(THIS ARTICLE IS MACHINE TRANSLATED by Google from Norwegian)
A friend adds me to the closed Facebook group Deep Customization Norway. A few days earlier, a woman had "come forward" in a large report on NRK and said that she had given up hope of change; she no longer believes it is possible to avoid climate and natural collapse. The crisis is here, it will get worse, we just have to adapt. But how?
She no longer believes it is possible to avoid climate and nature collapse.
It is this woman who has established the group on Facebook. After the announcement on NRK, many people want to become members, and the pressure is great. To be accepted into the group, one must answer a series of questions. You cannot join the group if you answer no to this: "Do you think that a social breakdown due to climate disruption is very likely and want to prepare yourself better both practically and emotionally?"

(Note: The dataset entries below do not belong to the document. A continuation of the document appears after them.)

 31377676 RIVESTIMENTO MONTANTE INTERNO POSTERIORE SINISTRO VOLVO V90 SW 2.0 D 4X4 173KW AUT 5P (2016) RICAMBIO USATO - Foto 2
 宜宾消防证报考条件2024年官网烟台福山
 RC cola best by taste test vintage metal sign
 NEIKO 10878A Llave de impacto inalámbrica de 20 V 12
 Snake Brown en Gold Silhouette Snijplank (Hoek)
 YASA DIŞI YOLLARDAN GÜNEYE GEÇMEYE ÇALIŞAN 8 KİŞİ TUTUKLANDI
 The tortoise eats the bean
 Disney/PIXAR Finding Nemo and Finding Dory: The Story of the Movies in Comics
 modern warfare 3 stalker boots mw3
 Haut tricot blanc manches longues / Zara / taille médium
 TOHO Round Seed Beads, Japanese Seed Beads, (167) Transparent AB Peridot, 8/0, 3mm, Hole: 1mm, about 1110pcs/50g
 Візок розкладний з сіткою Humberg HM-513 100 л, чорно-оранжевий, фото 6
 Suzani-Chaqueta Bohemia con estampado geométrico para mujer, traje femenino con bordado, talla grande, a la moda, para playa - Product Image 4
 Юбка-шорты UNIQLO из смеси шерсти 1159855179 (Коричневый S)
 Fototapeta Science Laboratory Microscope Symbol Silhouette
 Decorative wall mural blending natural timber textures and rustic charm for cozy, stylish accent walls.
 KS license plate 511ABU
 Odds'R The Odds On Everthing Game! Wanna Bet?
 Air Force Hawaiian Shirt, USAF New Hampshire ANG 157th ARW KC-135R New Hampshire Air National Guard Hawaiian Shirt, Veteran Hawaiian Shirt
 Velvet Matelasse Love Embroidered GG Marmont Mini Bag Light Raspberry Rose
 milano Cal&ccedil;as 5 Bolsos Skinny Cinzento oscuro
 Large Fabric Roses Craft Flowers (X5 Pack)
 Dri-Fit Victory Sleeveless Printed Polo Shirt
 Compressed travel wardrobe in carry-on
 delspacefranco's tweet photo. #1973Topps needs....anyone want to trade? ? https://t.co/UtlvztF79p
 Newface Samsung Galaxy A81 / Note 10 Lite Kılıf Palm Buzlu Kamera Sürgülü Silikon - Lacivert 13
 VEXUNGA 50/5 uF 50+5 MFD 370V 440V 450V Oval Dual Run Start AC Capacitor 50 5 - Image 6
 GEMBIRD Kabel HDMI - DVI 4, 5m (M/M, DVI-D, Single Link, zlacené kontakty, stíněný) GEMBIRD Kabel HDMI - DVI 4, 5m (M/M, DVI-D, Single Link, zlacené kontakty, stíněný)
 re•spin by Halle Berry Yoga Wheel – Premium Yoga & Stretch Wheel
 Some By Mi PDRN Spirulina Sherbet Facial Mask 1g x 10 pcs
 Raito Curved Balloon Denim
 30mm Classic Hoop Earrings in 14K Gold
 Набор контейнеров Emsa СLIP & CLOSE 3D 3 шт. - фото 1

A strange openness characterizes the posts. A kind of skinless extradition. Many of the thoughts, worries and sorrows I recognize myself in. I don't write there myself. I'll be a looker. Read all the posts. It's hard not to, I have to keep checking in to see if there's anything new. Almost exciting in a grotesque and tragic way:
It's hard not to, I have to keep checking to see if there's anything new.
“I consider myself to have a matured collapse consciousness. It means to me that I am no longer hanging on by a thread of hope and clinging to theoretical possibilities to 'turn it around'. The planet still has some organs left that have the power to heal the world's ecosystems, I think of the rainforests of the Amazon and the Congo, but the collective awakening that needs to happen to preserve these will not come in time."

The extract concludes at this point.